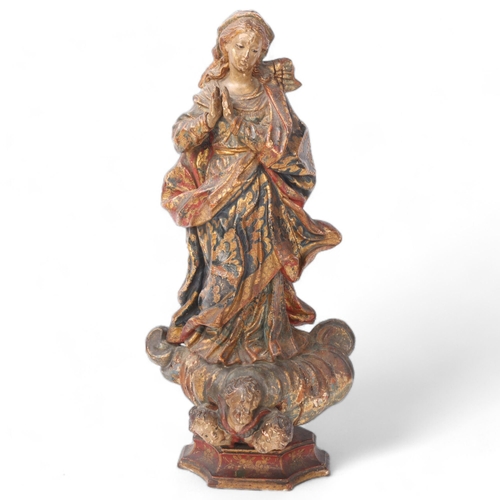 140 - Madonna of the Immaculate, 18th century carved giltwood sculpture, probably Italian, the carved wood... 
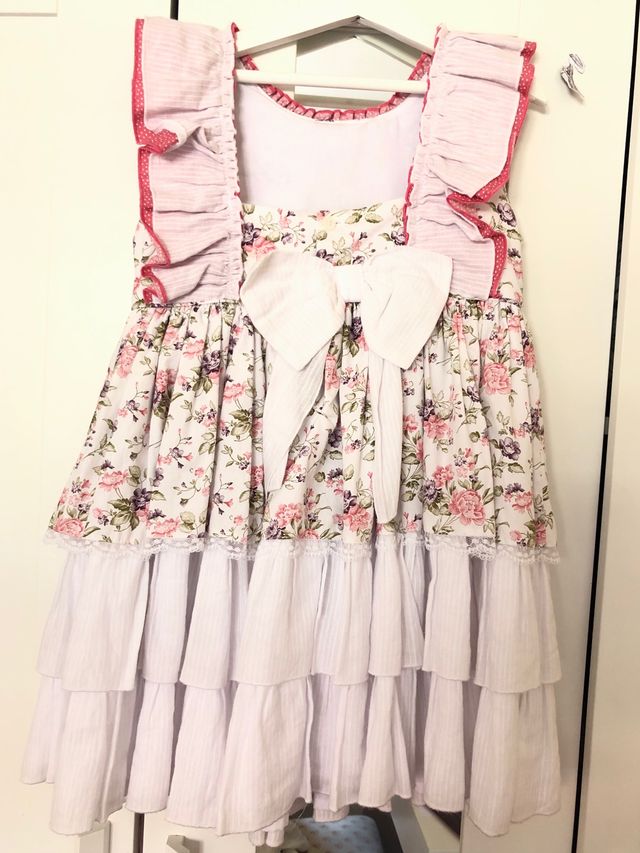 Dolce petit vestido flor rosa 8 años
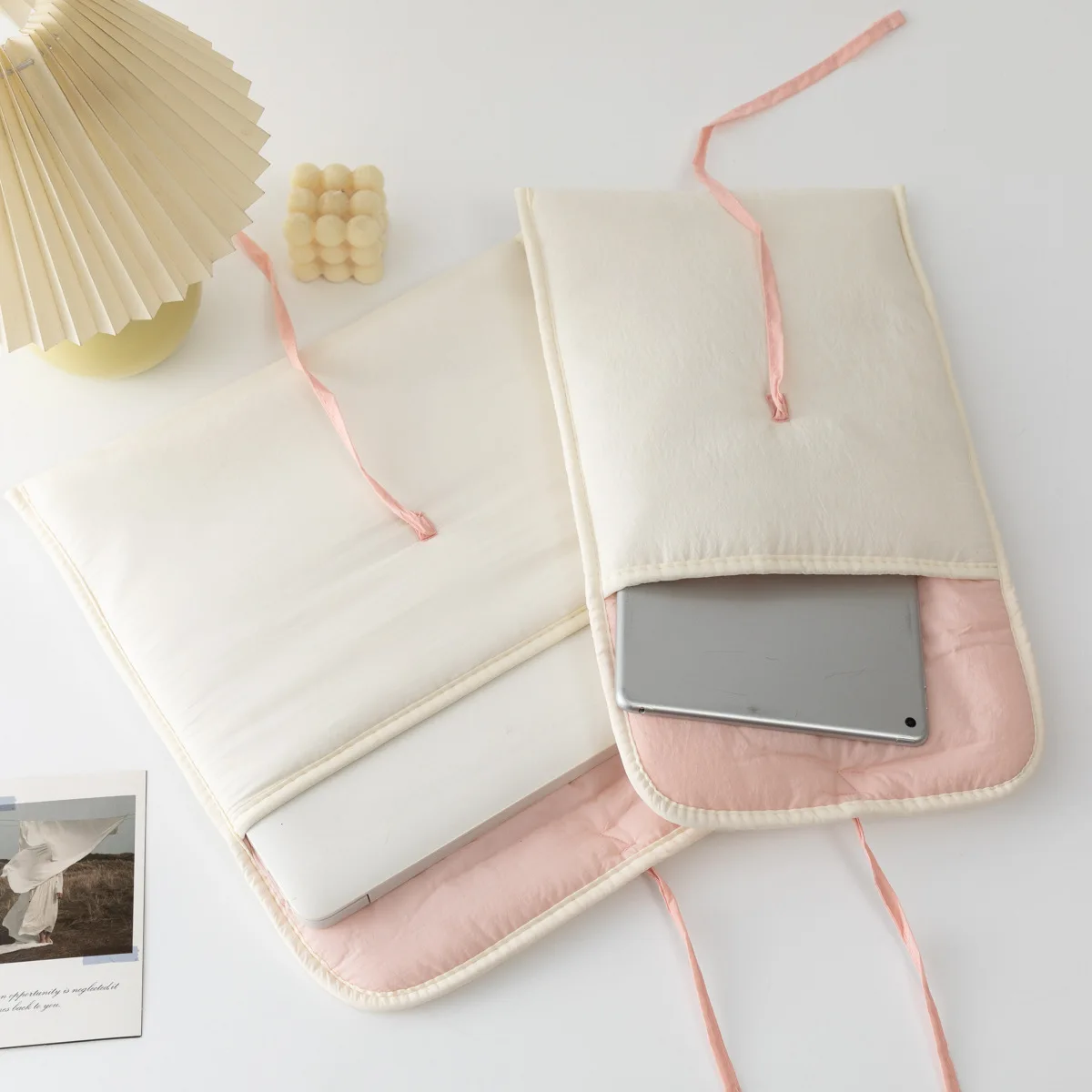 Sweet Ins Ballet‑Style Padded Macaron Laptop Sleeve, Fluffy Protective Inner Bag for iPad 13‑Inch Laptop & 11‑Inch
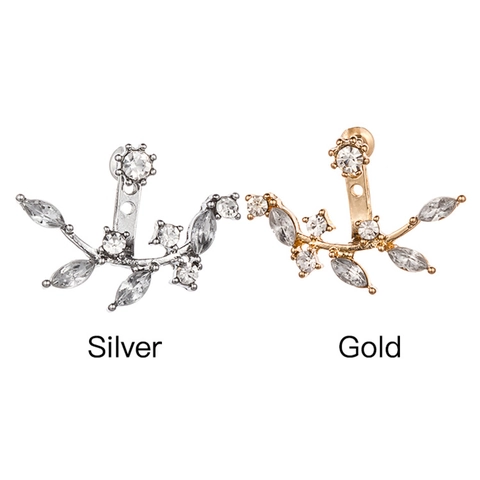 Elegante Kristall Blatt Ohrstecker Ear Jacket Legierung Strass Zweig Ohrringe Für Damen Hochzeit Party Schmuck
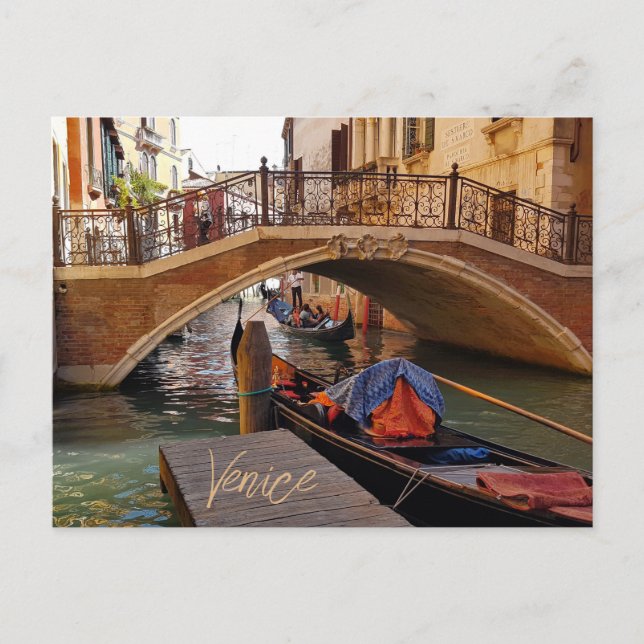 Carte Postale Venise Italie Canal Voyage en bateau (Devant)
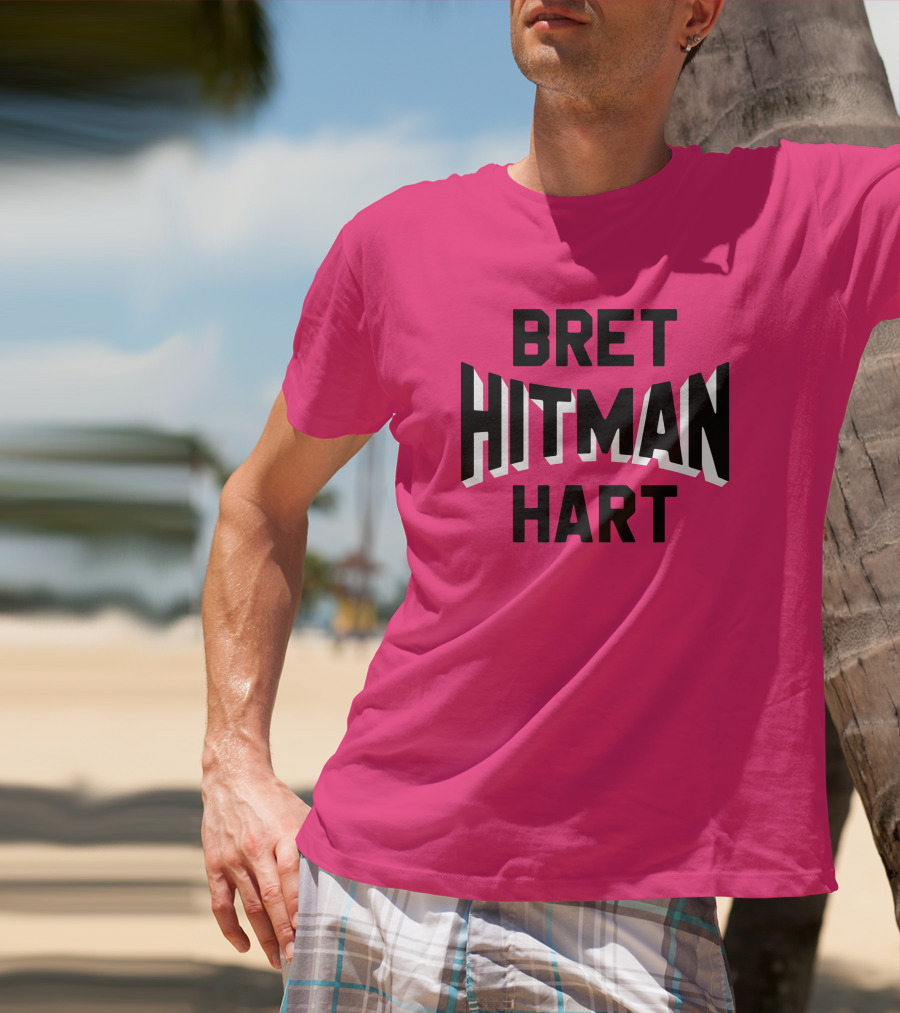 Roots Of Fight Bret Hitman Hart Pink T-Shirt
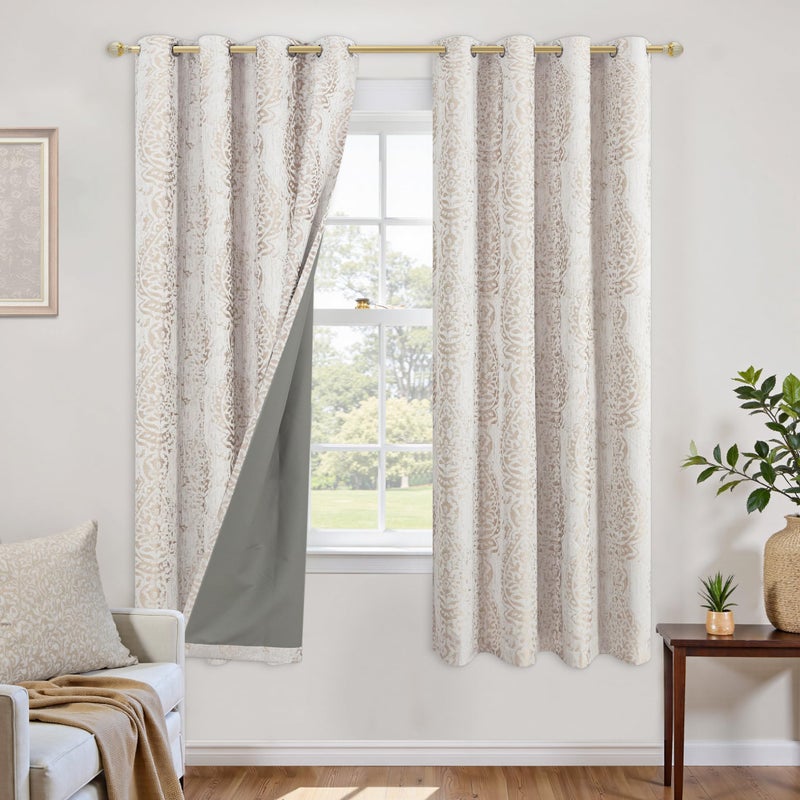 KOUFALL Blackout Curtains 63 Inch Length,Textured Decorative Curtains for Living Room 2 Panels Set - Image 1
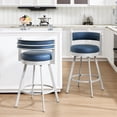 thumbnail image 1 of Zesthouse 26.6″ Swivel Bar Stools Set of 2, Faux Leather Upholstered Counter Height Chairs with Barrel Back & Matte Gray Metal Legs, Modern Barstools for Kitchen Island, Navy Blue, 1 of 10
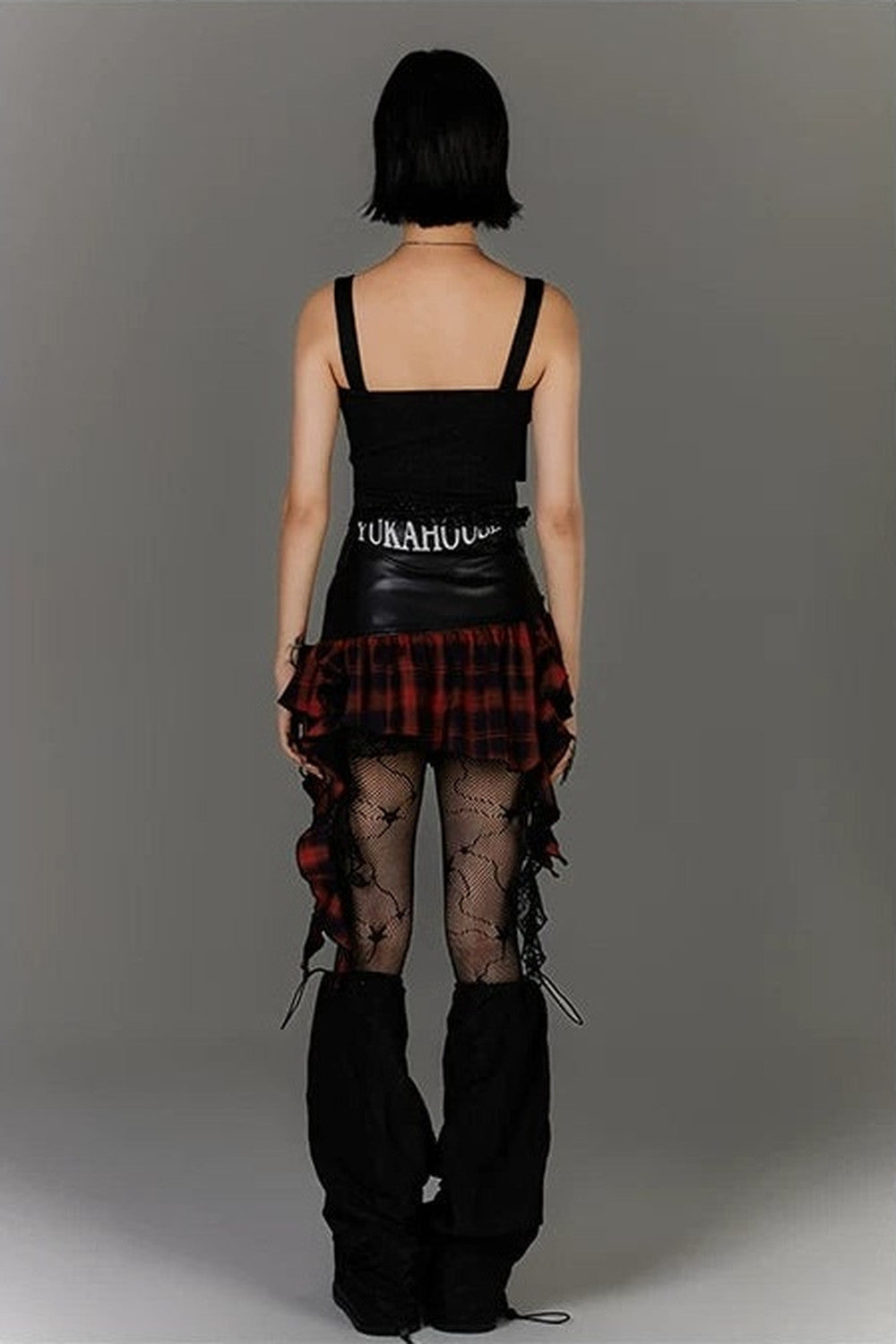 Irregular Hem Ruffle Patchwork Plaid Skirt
+++++
* EXERCISE DESCRIPTION
Each line from the top of the material through the line containing "Elegante Kristall Blatt" should be reproduced exactly; please drop any images.

* RESULT OF THIS TASK
 140 - Madonna of the Immaculate, 18th century carved giltwood sculpture, probably Italian, the carved wood... 
 Dolce petit vestido flor rosa 8 años
 Sweet Ins Ballet‑Style Padded Macaron Laptop Sleeve, Fluffy Protective Inner Bag for iPad 13‑Inch Laptop & 11‑Inch
 Elegante Kristall Blatt Ohrstecker Ear Jacket Legierung Strass Zweig Ohrringe Für Damen Hochzeit Party Schmuck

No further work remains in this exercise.